Leafletting or littering? That was the question before the 6th U.S. Circuit Court of Appeals when it ruled May 6 that a Kentucky city could prohibit individuals from placing leaflets on cars without the owners’ consent.
In 1952, the city of Catlettsburg, Ky., passed the following ordinance:
“It shall be unlawful for any person to place or deposit or in any manner to affix or cause to be placed or deposited or affixed to any automobile or other vehicle or other automotive vehicle, any handbill, sign, poster, advertisement, or notice of any kind whatsoever, unless he be the owner thereof, or without first having secured in writing the consent of the owner thereof.”
The ordinance provides that violators be fined up to $500. Leonard Jobe, the head of the local American Legion post, apparently was unaware of the law when in 2002 he placed leaflets on car windshields on a public street. After he was fined and had paid the $500, he challenged the law.
Jobe sued in federal court, arguing the law violated the First Amendment by banning a time-honored method of communication (leafleting) on public property. He contended that leafleting cannot constitutionally be barred on public streets.

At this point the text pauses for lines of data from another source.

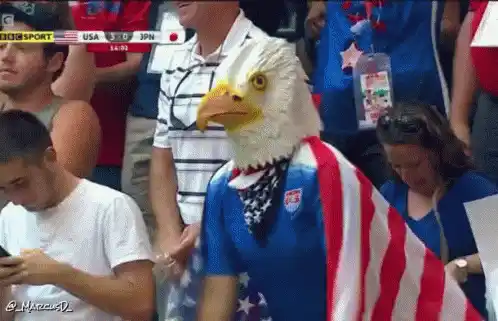 https://klipy.com/gifs/america-patriotic-1 ## USA Fan in Eagle Mask at Sports Match …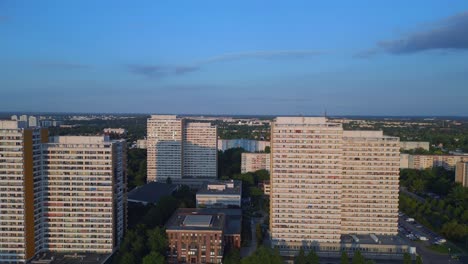 Wonderful-aerial-top-view-flight-Panel-system-building,-prefabricated-housing-complex,-Berlin-Marzahn-East-Germany-golden-hour-2023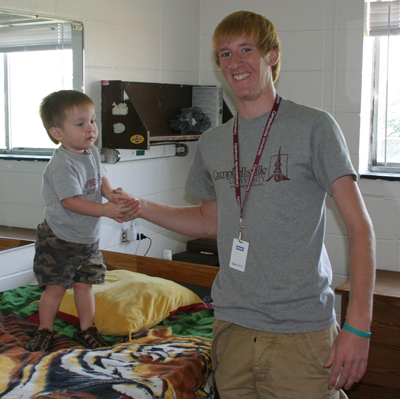 Jeremy Litton, right, of Somerset, Ky., and his nephew Isaiah hang out in the residence hall while moving in at Campbellsville  University. Isaiah is the son of Grant (Jeremy’s brother) and Jayne Litton, both 2009 graduates of CU. (Campbellsville  University Photo by Gerry James)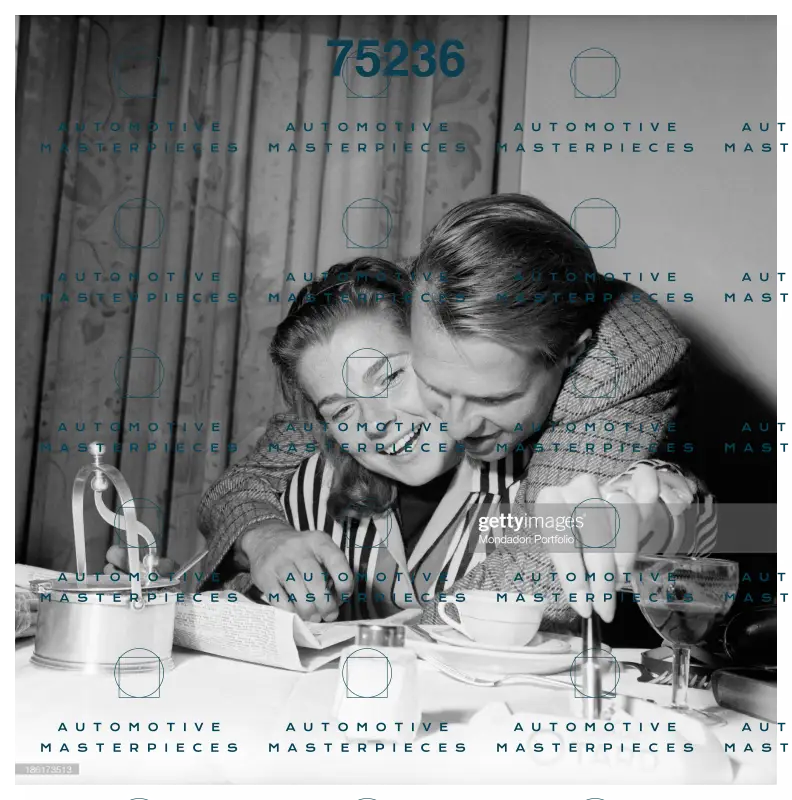 GETTY 186173513_british-racing-driver-peter-collins-hugging-his-american-wife-louis.jpg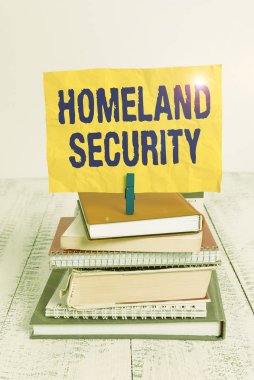 Mesaj işareti İç Güvenlik 'i gösteriyor. ABD 'yi tehditlere karşı korumak için tasarlanmış iş fotoğrafı sergisi federal ajansı yığınla kitap yığını defter mandalı renkli hatırlatıcı beyaz ahşap.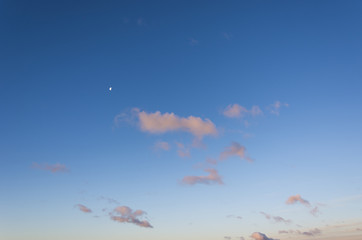 Sunrise sky with orange/purple clouds and the moon in the distance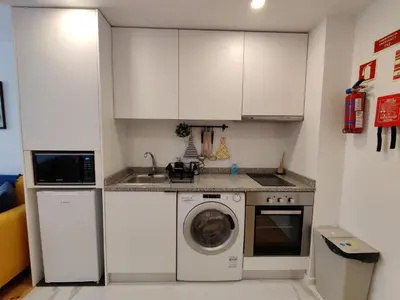 a kitchen with white cabinets and a washing machine at Cais de Gaia Historic Loft in Vila Nova de Gaia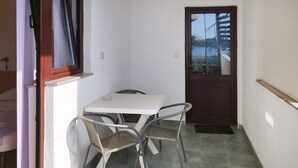 Ein kleiner, abgeschlossener Essbereich im Freien mit Tisch und zwei Stühlen, einer Tür und einem Fenster.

The city countered that the law was a legitimate time, place and manner restriction on free speech that was also content-neutral. In First Amendment jargon, a law is content-neutral if it applies without regard to the message of the expression. A time, place and manner restriction does not regulate or ban speech on a content basis but rather limits when and where the speech takes place, to prevent public annoyance and inconvenience.
The city also contended that a parked car is not a public forum, or an area where First Amendment protections are heightened. A federal district court upheld the ordinance as a valid time, place and manner restriction on speech.
On appeal, a three-judge panel of the 6th U.S. Circuit Court of Appeals affirmed the lower court and upheld the law in Jobe v. City of Catlettsburg.
The 6th Circuit panel relied on the U.S. Supreme Court’s 1984 decision in Members of the City Council of Los Angeles v. Taxpayers for Vincent, in which the high court rejected a challenge to a ban on placing signs on public utility poles.
“If the public forum doctrine does not apply to public items (e.g., utility poles) permanently located on public streets and sidewalks, it assuredly does not apply to private cars temporarily parked on public streets,” the court wrote.
The appeals court also noted that the law was content-neutral in that it didn’t discriminate against leaflets with certain messages. Rather, it applied across the board to all leaflets to further the state’s interests in prohibiting litter and visual blight. The panel also recognized the city’s interest in protecting individuals’ interest in “having their private property left alone.”
One state (New York) and at least 38 other cities have similar bans, the appeals court pointed out in its opinion.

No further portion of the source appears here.